State Senator Bob Hedlund co-sponsored an amendment asking the Alcoholic Beverage Control Commission to conduct a year-long review of the ‘Happy Hour Regulation’ and the ABCC has been doing just that, holding the fourth public hearing out of five on Tuesday.
Currently, the regulation prohibits restaurants from having one-day drink specials as well as increasing the alcohol volume in a drink without proportionally raising the price.
Hedlund says the regulation is misunderstood by most restaurants in the state, “In one particular community on the South Shore there were just fifteen minor violation cited for little things like the unit price not matching what a bucket special price is, for instance, where there’s an increment of fifty cents off.”
Hedlund asserted that he doesn’t want happy hour to return but rather he wants the regulation to be reviewed and possibly updated in order to clear up confusion.
“Somehow this has been turned into a referendum on ‘Happy Hour’ which in people minds is the Wild West situation we had in the late 70’s, early 80’s where we had a lot of problems and no one is suggesting a return to that,” says the Republican State Senator.
The Massachusetts Restaurant Association opposes any changes, fearing that an alteration in the regulation would loosen the rules for restaurants and bars and create problems.

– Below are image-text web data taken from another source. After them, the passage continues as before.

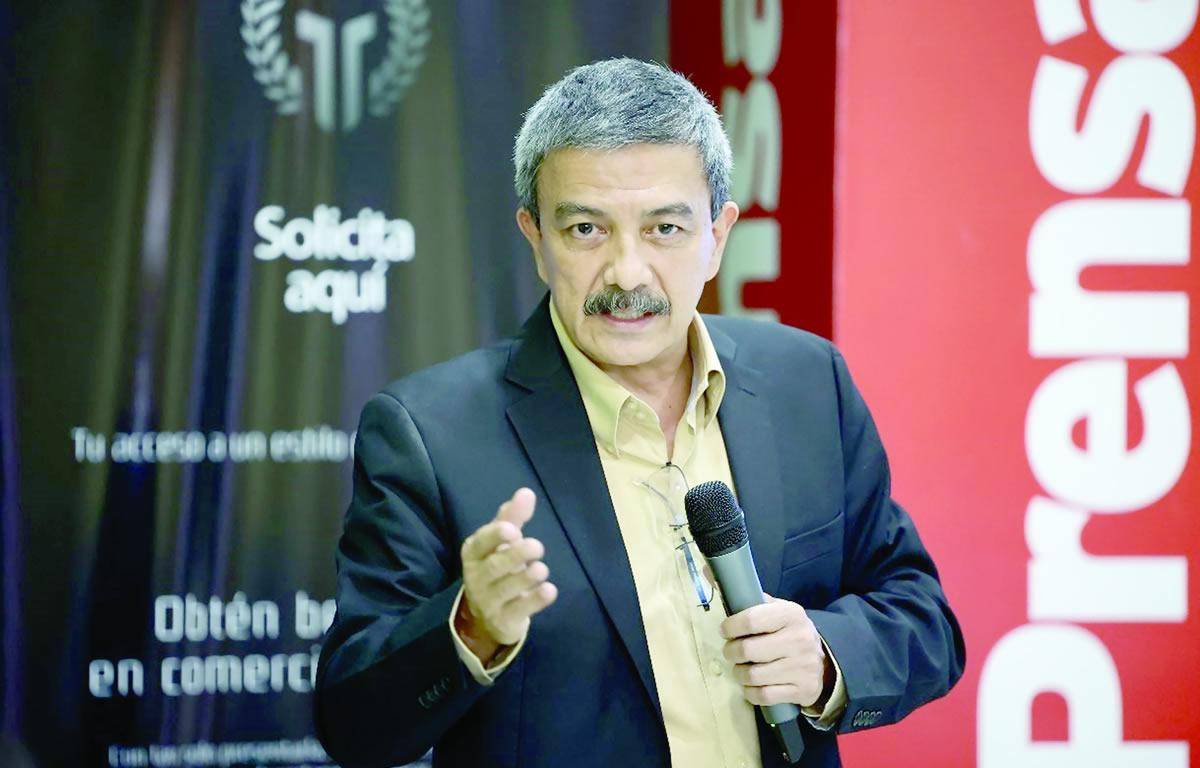 $!Fascículos de Mente Sana y sus historias llegan a bajos de Choloma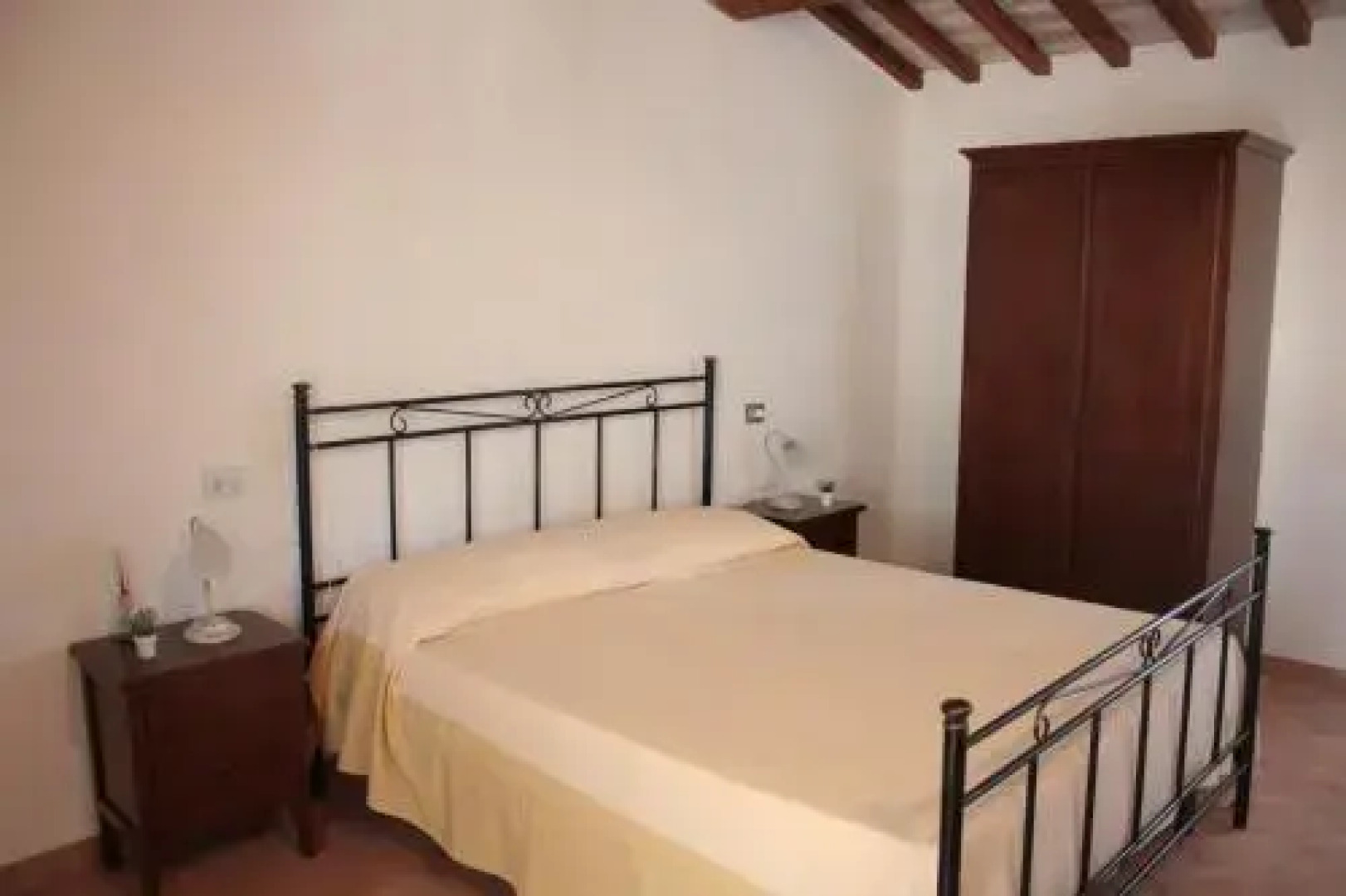 Il Vallone di Melezzole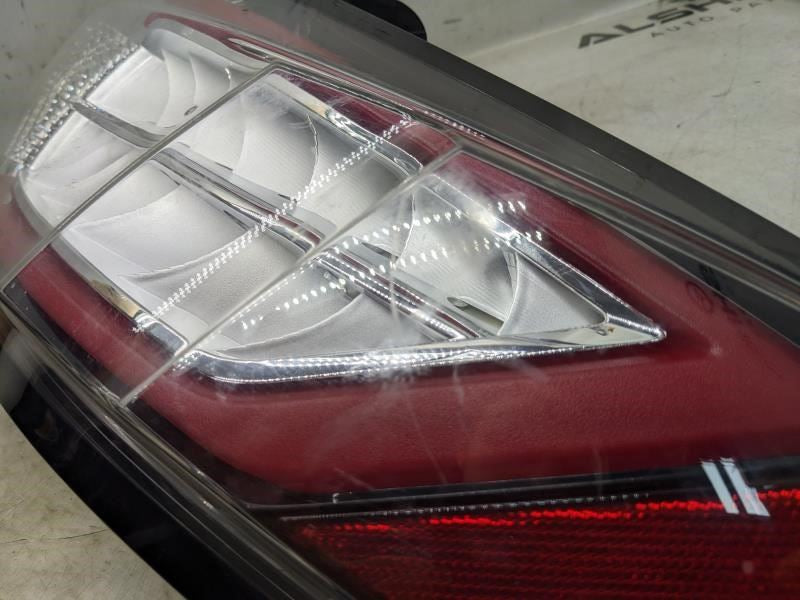 2015-2017 Ford Edge Rear Passenger Right Side Tail Light Lamp HT4Z-13404-F OEM2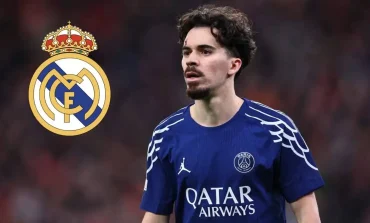 Real Madrid : pourquoi le transfert de Vitinha est presque impossible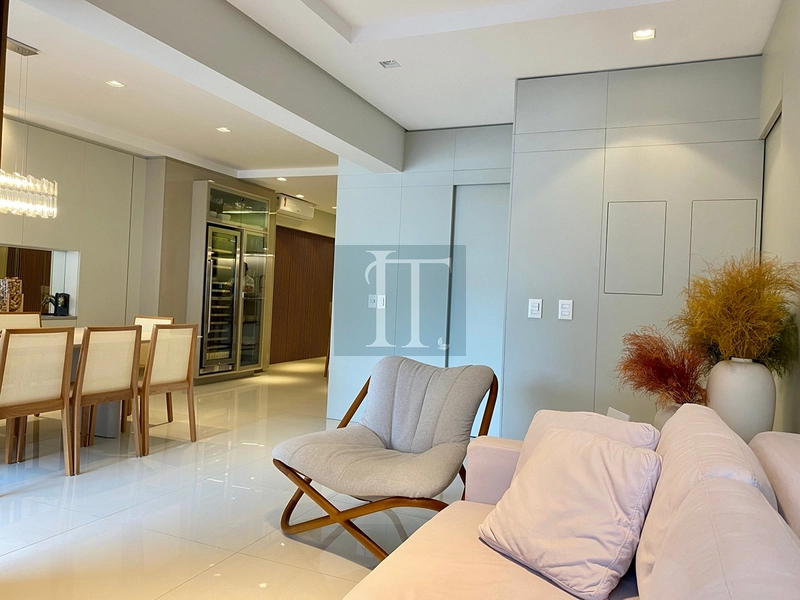 Apartamento duplex com 3 suítes à venda em Jurerê : 8ª foto da galeria de imagens do imóvel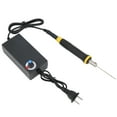 thumbnail image 2 of Electric Hot Wire Cutter, Foam Electric Cutting Machine, Convenient Durable Engraving Pen, Engraving Use For Engraving Cutting US Plug,EU Plug,UK Plug, 2 of 8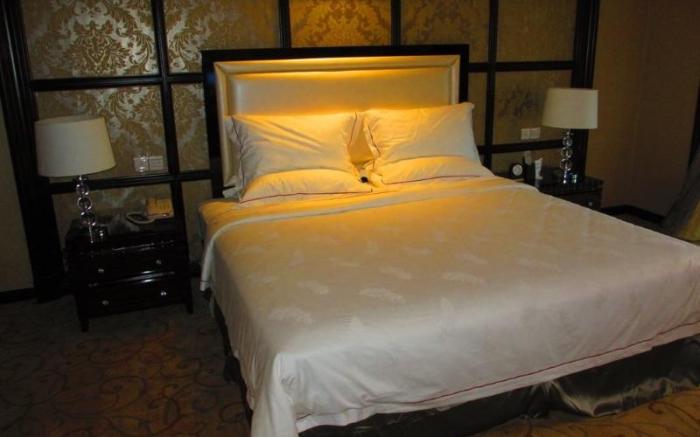 Country Garden Holiday Hotel Meizhou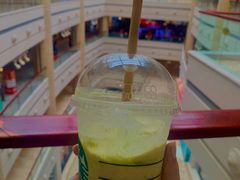 -星巴克臻选(北京世贸天阶店)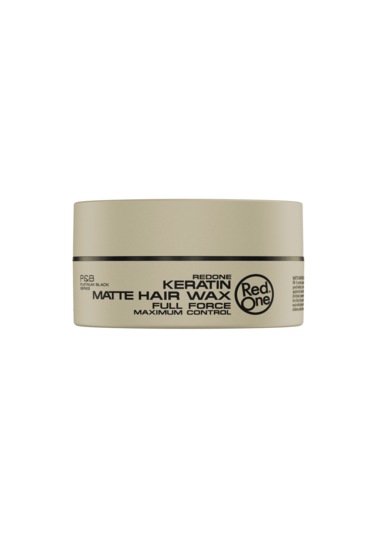 Redone Mat Wax / Keratin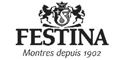 Festina remise en argent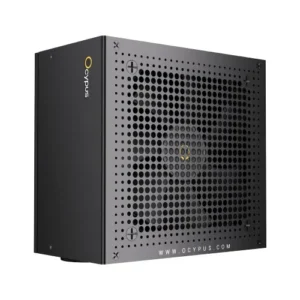 Ocypus DELTA P650 650W 80+ BRONZE Non Modular ATX Power Supply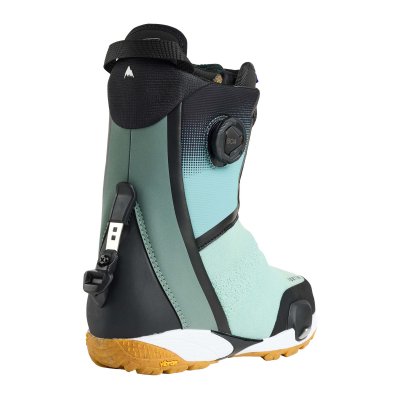 W WAVRANGE X STEP ON 25/26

“Liquor liability insurance is now mandatory so that cost will go up. Restaurants, they actually have a good name, they employ 10% of the workforce, they’re an economic engine for the Commonwealth,” says Stephen Clark, MRA Director of Government Affairs.
According to Clark, almost all restaurateurs who attended Tuesday’s hearing in Boston fully oppose any changes to the law.
Hedlund’s request for a review comes after lawmakers voted in favor of allowing new casinos in the state to distribute free alcoholic drinks to gamers. The State Senator voted against the bill.